Now when the apostles who were at Jerusalem heard that Samaria had received the word of God, they sent Peter and John to them, who, when they had come down, prayed for them that they might receive the Holy Spirit. For as yet it had fallen upon none of them. They had only been baptized in the name of the Lord Jesus. Then they laid hands on them, and they received the Holy Spirit. (Acts 8:14-17)
There aren’t really apostles today, but the principle, I think, stands. God typically gives the Holy Spirit to someone after they’ve made a commitment through baptism, and after a more mature believer who already has the Holy Spirit prays and lays hands on them.
Those Who Use It
On the question of whether some people get more Holy Spirit than others, I’ve only found two scriptures that talk about how much Spirit an individual is given. In 2 Kings 2, Elisha asked for, and is given, “a double portion” of “the spirit of Elijah” (2 Kings 2:9-12, 15). Then in the New Testament, John the Baptist explains that Jesus received an unlimited supply of the Holy Spirit.
For He whom God has sent speaks the words of God, for God does not give the Spirit by measure. The Father loves the Son, and has given all things into His hand. (John 3:34-35)
You could extrapolate from this that people other than Jesus are given the Spirit “by measure” (i.e. “a limited portion,” Strong’s G3358). It makes sense that we would all have less Holy Spirit than Jesus because we are infinitely less worthy. But I can’t find scriptures that clearly support the idea you’ll find in some churches that ordained leaders are given an “extra measure” of the spirit compared to other believers.

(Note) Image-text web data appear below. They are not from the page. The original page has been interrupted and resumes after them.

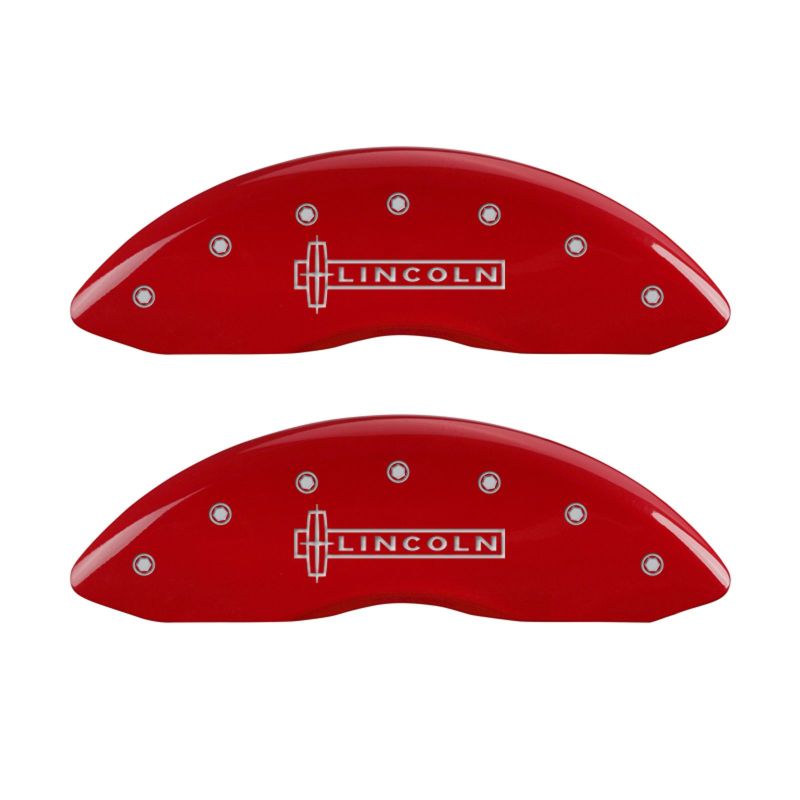 MGP 4 Caliper Covers Engraved Fr Lincoln Rr Star Logo Red Finish Sil Char 2017 Lincoln Continental thumbnail 7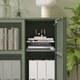 Шафа IKEA ІВАР, Двері, сіро-зелена сітка, 80x83 см, 505.312.52 - зображення 4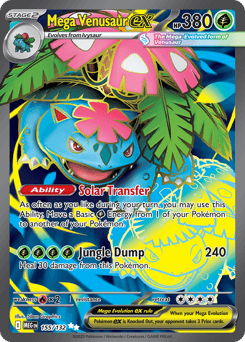 Mega Venusaur ex card
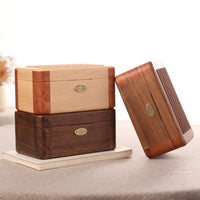Wooden Jewelry Melody Box Decorative Wooden Music Jewelry Box 3 Compartments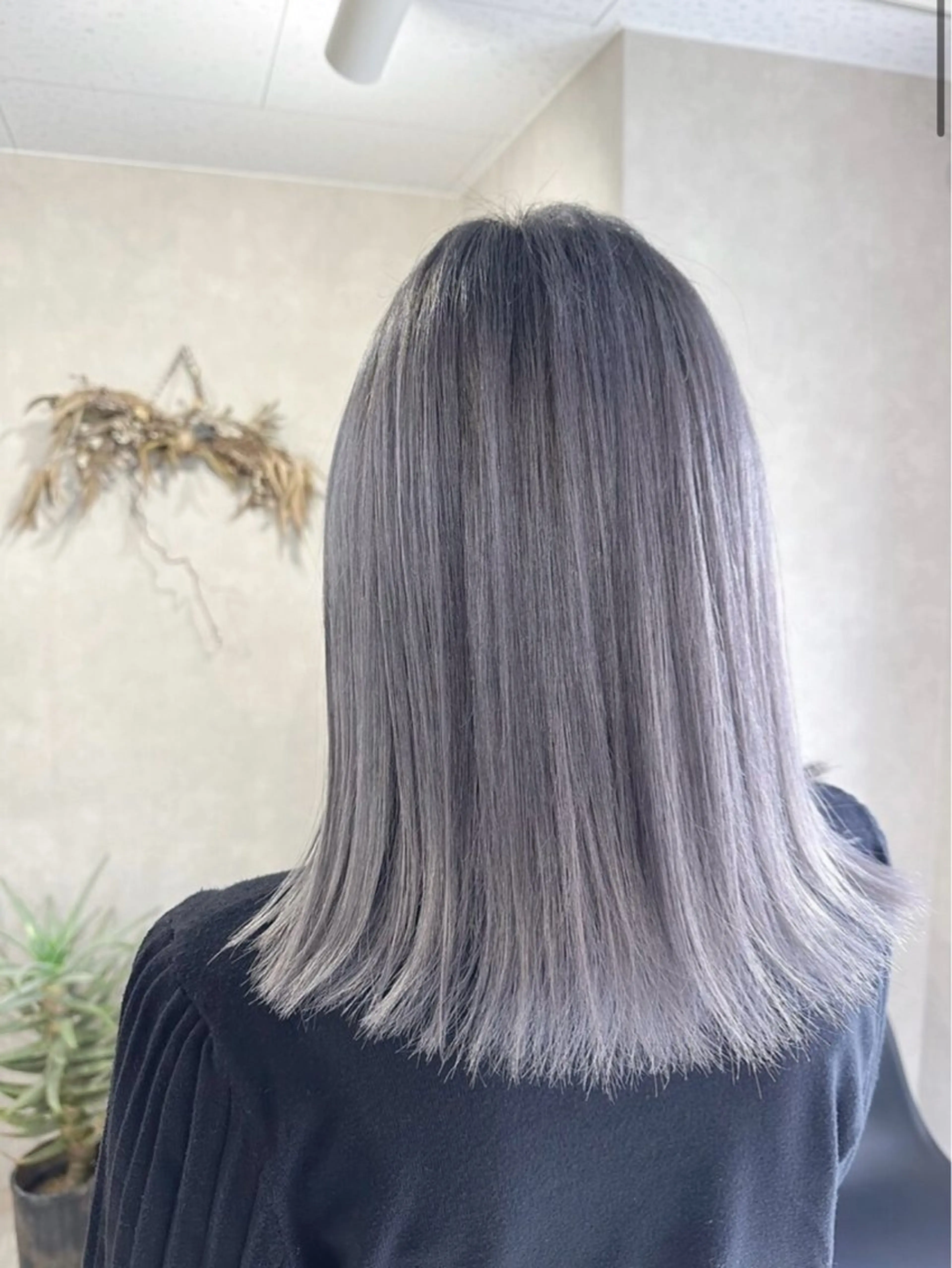 カラー 山田 誠也のヘアスタイル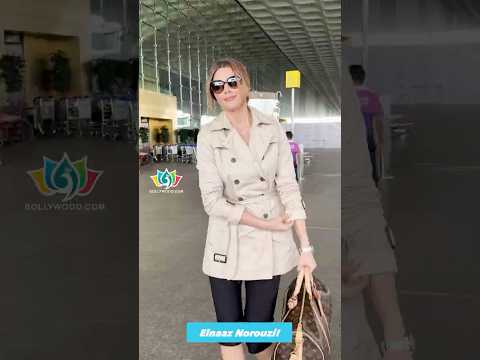 Model & actress Elnaaz Norouzi spotted at the Mumbai airport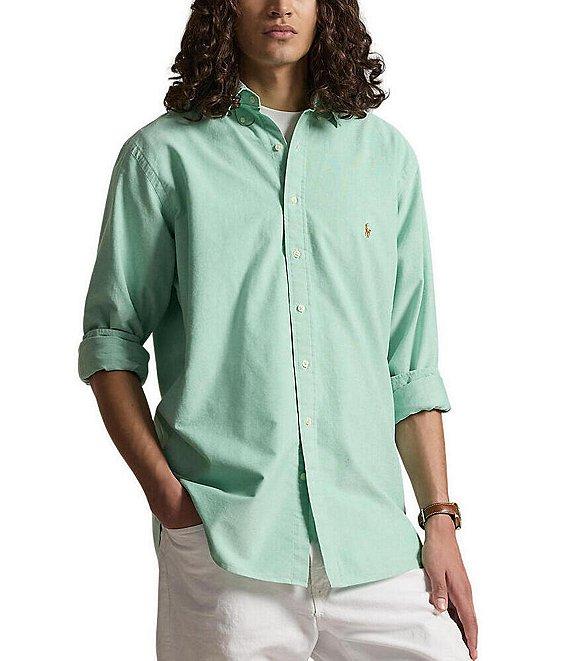 Polo Ralph Lauren Big & Tall Solid Oxford Long Sleeve Woven Shirt Product Image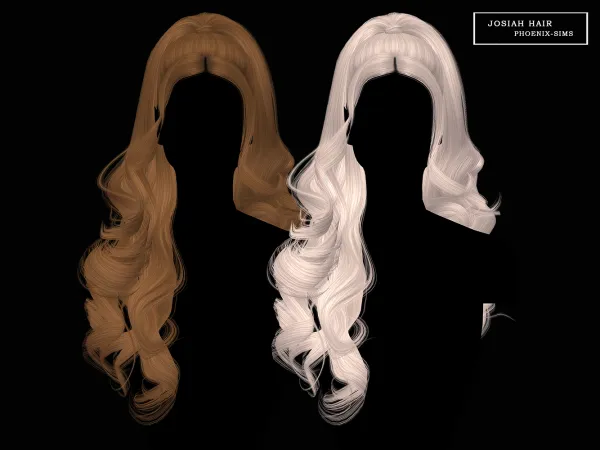 Alpha Josiah Hair - The Sims 4 Custom Content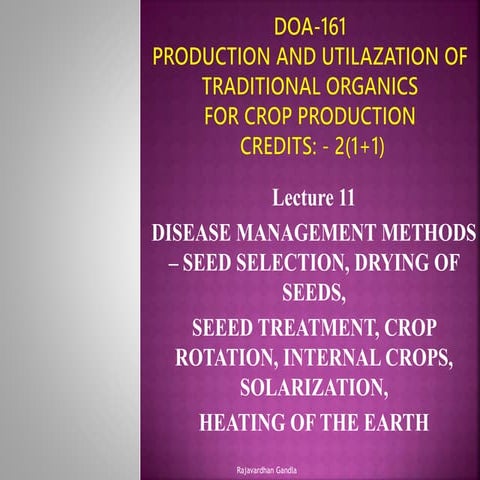 Organic DISEASE MANAGEMENT METHODS  lec 11.pptx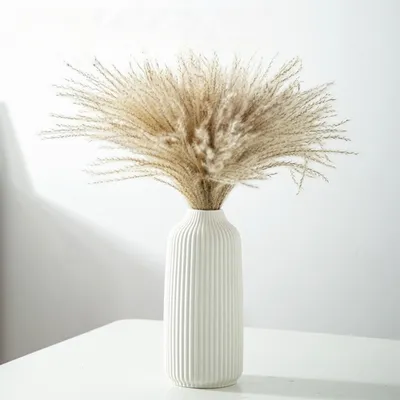 Produktbild von Vasen, Dekovase Keramik Vase, Pampasgras Vasen matt (Handgefertigte Getrocknete Blumenbehälter, Blumen-Pflanzenbehälter, Kunsthandwerk Ornamente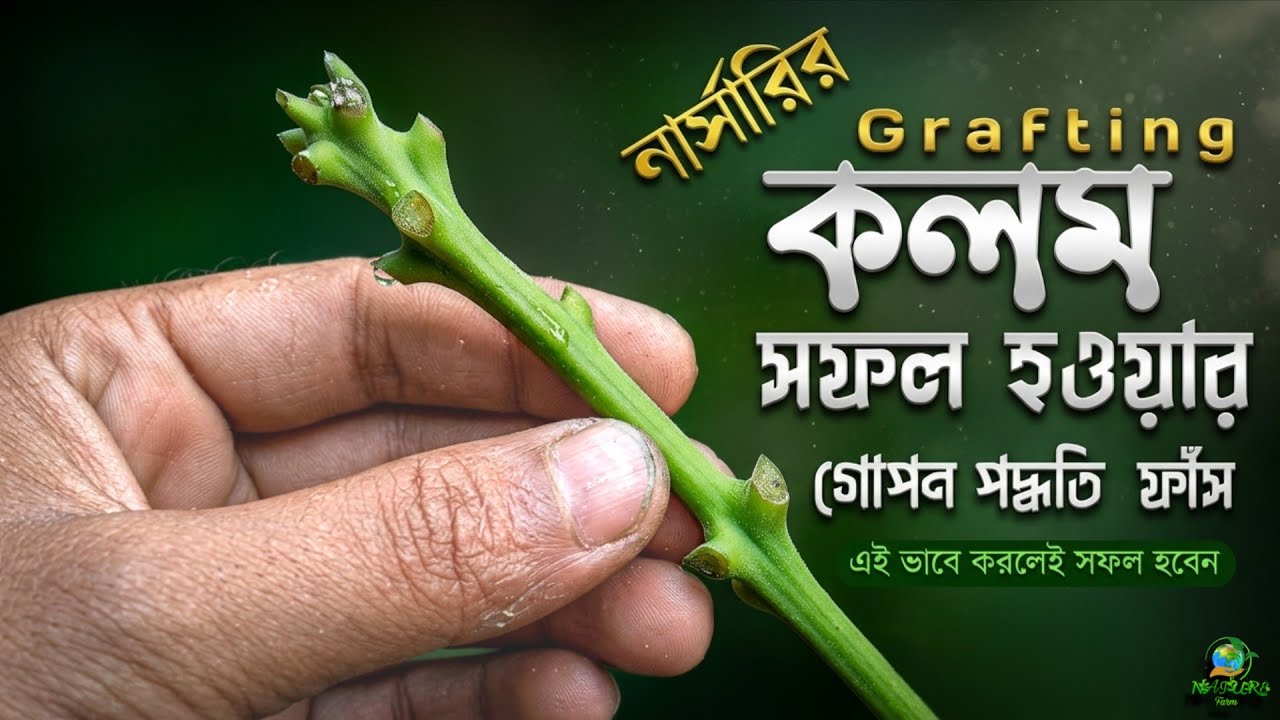 নার্সারির কলম সফল হওয়ার গোপন পদ্ধতি ফাঁস , এই ভাবে কলম সফল হবেই | My frist Secrets of grafting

On the contrary, we find several scriptures that remind us God is not a respecter of persons. He opened salvation to the Gentiles because “God shows no partiality” (Acts 10:34). He wants us to treat people fairly “knowing that your own Master also is in heaven, and there is no partiality with Him.” (Eph. 6:9, see also James 2:1-9). He will judge everyone righteously by looking at “each one’s work” “without partiality” (1Pet. 1:17).
God doesn’t show partiality in how He distributes the Spirit, but we can affect how much Spirit is available to us by whether or not we use it well.
Therefore I remind you to stir up the gift of God which is in you through the laying on of my hands. For God has not given us a spirit of fear, but of power and of love and of a sound mind. (2 Tim. 1:6-7)
“Stir up” is from anazopureo, and means “to kindle” or “re-enkindle,” as in reference to a fire (Strong’s G329). It’s the opposite of sbennumi, which means “to extinguish a fire” (Strongs G4570). Sbennumi is translated “quench” in 1 Thes. 5:19’s command, “Do not quench the Spirit.”
God gives the Spirit to whomever He wants. These are people who seek a relationship with Him, who ask for His Spirit, and who believe in Jesus Christ. Once given the Spirit, our actions determine how well we can use it. We can either stir up the Spirit we’re given so it burns brighter, or suppress it till it flickers and dies in us. That’s our choice. The closer we draw to God, the more powerful His presence will be in us. That’s what determines who gets the Holy Spirit and how much they can use — the individual believer’s relationship with God. It doesn’t matter whether you’re ordained, and where you go to church only matters in so far that you’re attending a church which preaches God’s truth. What matters most is that you’re following God the way He commands.